Wednesday, June 26, 2013

As a nation, we turned a corner yesterday.

I'm not sure which bothers me more, the fact that SCOTUS decided that no one has any business opposing gay marriage in California when Californian legislators can't be bothered to defend traditional marriage, or the fact that POTUS has merely promised that he would refrain from trying to bring to heel any dissenting groups.

I concede to painting with an overly broad brush.  I just had to read the verbiage about California residents not having standing to oppose the overturn of Proposition 8 several times before I gave up trying to see how the logic was not actually applied in reverse.  Would people with same-sex attraction be permitted to participate in the debate if they opposed gay marriage, or would they also be told that they don't have a right to promote their opinions or reasoned arguments because they're on the wrong side of history?  How tidy:  you're on the winning team or you're not allowed to play.

As for the president, well, I've seen him promise not to abuse his power in the past.  One time, he even said he wasn't going to get into the whole gay marriage thing.  Now he's reassuring Christians that they will be able to indulge their own bigotry undisturbed in private.  Of course, he won't be able to stamp out every last vestige of orthodox morality, that's too vast and tedious a task to bother with, but there are terms for an announcement like this.  In sparring, it's called a telegraph.  In literature, it's foreshadowing.  In naval warfare, it's a shot across the bow.  
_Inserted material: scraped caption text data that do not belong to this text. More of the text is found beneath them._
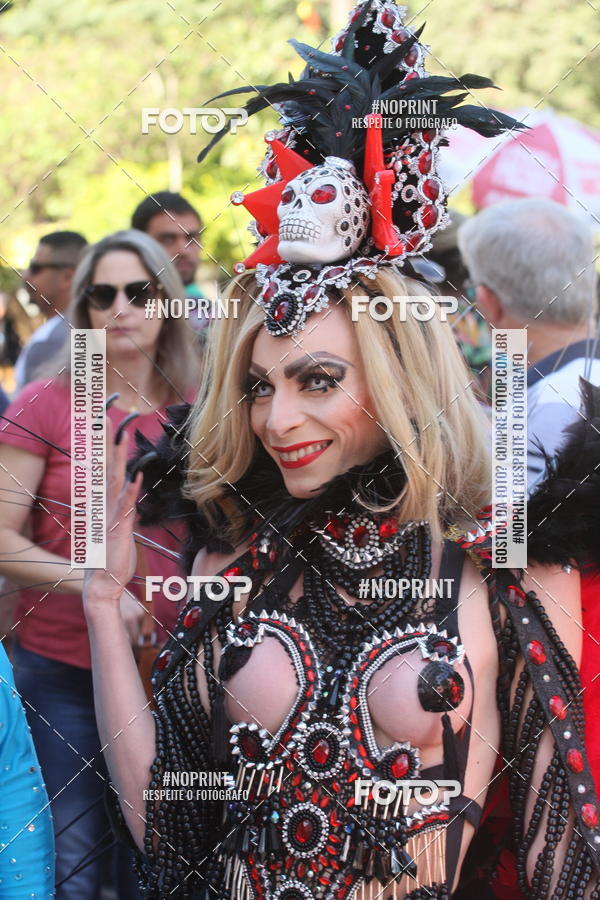 Buy your photos of the event23 PARADA DO ORGULHO LGBT DE SO PAULO on Fotop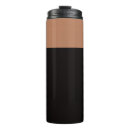 Recherche de inox tasses Blanc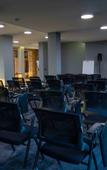Туры в отель Marwa Resort Туры в отель Marwa Resort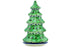 H9105H_2 (2023-01-16 06:56:17)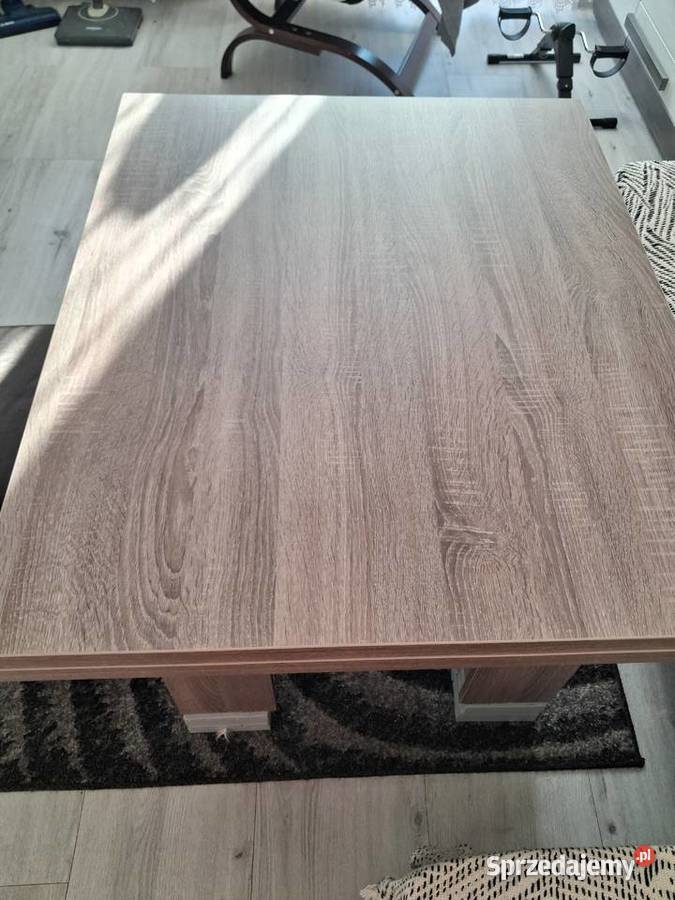 Sprzedam ławo stół 80cm Tczew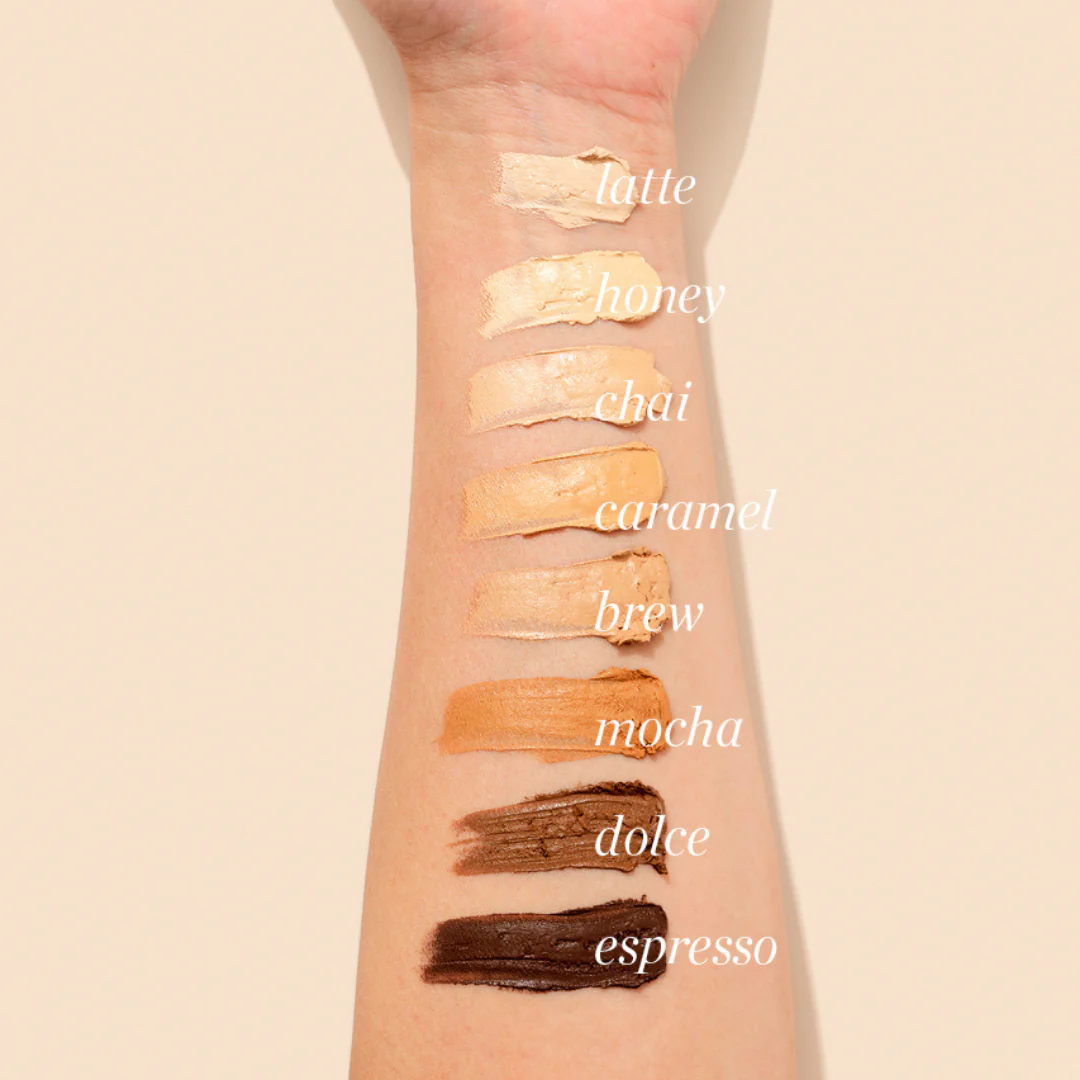 Arnica all-cover pot - Image 5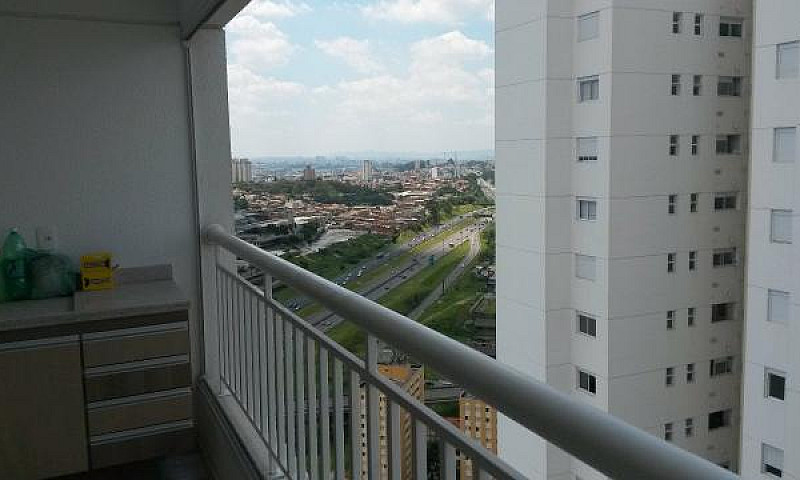 Apartamento Anima Cl...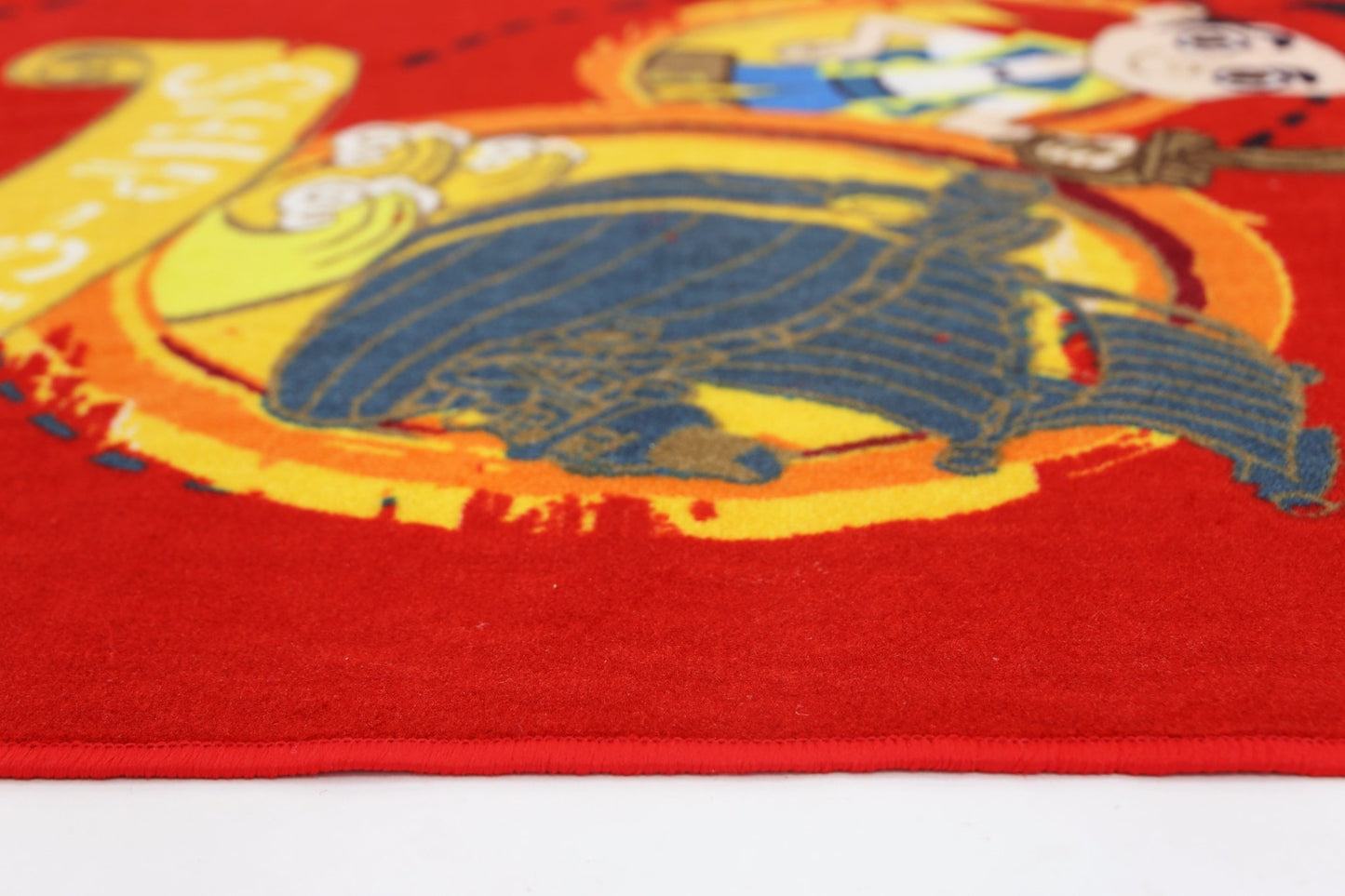 SPHINX JAKE SHIP SHAPE - Nova Rugs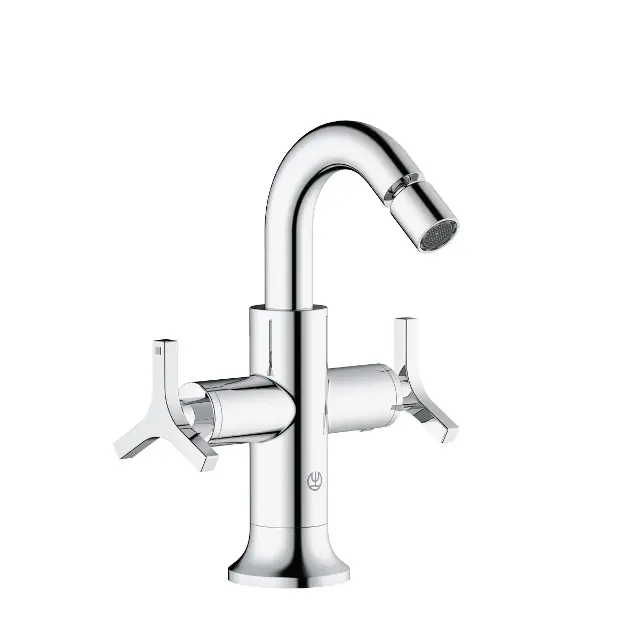 Kludi - Nova Fonte - Bidé csaptelep - 203130539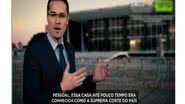 Reprodução/Vídeo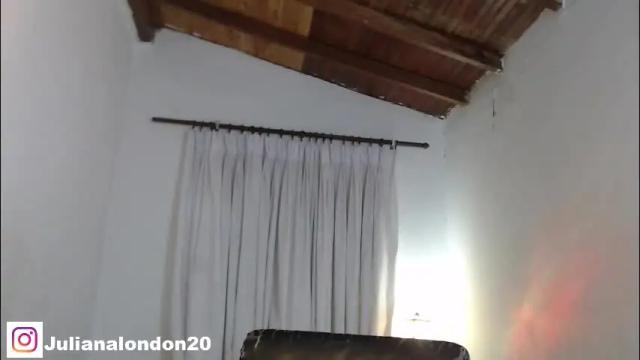 Image 4 of july_smith_ Stream on Chaturbate on 2 months ago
I do think it's true that there's a supernatural conspiracy here, and possibly not a human one on top of it; and thus I agree that ultimately gay marriage is a vehicle to persecute the Church.  What scares me on this matter is I cannot imagine the circumstances in which homosexuals will be thrown under the bus when (that is, how) they cease to be useful to that end.

I wish people had some perspective.  Gay people have never been banned from marriage; they just don't have the right to marry absolutely anyone they wish.  This prohibition is in place for all of us.  Romance literature is chockablock with stories about unrequited or thwarted love.

"Why, Ed, don't you want people to marry whomever they love?"

Setting aside the question of whether the person they love loves them back and wants to be married, the government has no truck with whom someone does or does not love.  Marriage is to provide a stable environment for raising children, and well-raised children make for a healthy nation, so the government is wise to promote that.

Stray into emotional territory, and you open the door wide to abuse.  I promise you, there is nothing the government can do in applying itself to the emotional domain that is not going to be abusive.

Finally, an anecdote illustrating the "ruthless narcissism" Mark Shea describes comprising this whole movement.
I have a coworker who is terribly fond of using politically incorrect humor. He loves talking about cooking meat and killing animals in front of one of our technicians who is an on-again, off-again vegan; he talks in front of his female coworkers about how he orders his wife to do this and orders her not to do that, and how women shouldn't be allowed to do various things; when talking to one of our black technicians, he often refers to "your kind." He doesn't mean a word of it and he doesn't offend any of the people he teases (trust me, they dish it right back). But this morning, he was asked if he had talked to the sole admitted lesbian in the office. She's a sweetheart, but he said "What, are you crazy?  I'm not stupid!"
Some people just want to mind their own lives, and when they do it really is nobody's business, but it

Take a lesson from Evangelicals, abortion clinic bombers, and Phil Plait:  you're not going to prick consciences and win hearts and minds by being a jerk.  For every George Takei there are ten Andrew Sullivans, and the Sullivans are undoing whatever progress was being made by the no-big-deal desensitization plan.  Granted, a lot of progress has been made on that front, judging from prime time TV and the nigh-complete failure of everyone to articulate the fact that the Boy Scout thing from a few weeks ago now means that sexuality has to be discussed openly with ten year old boys instead of leaving the sensitive topic to be broached at a discreet time.

This ain't exactly Gandhi's M.O.  Don't pretend it's even close.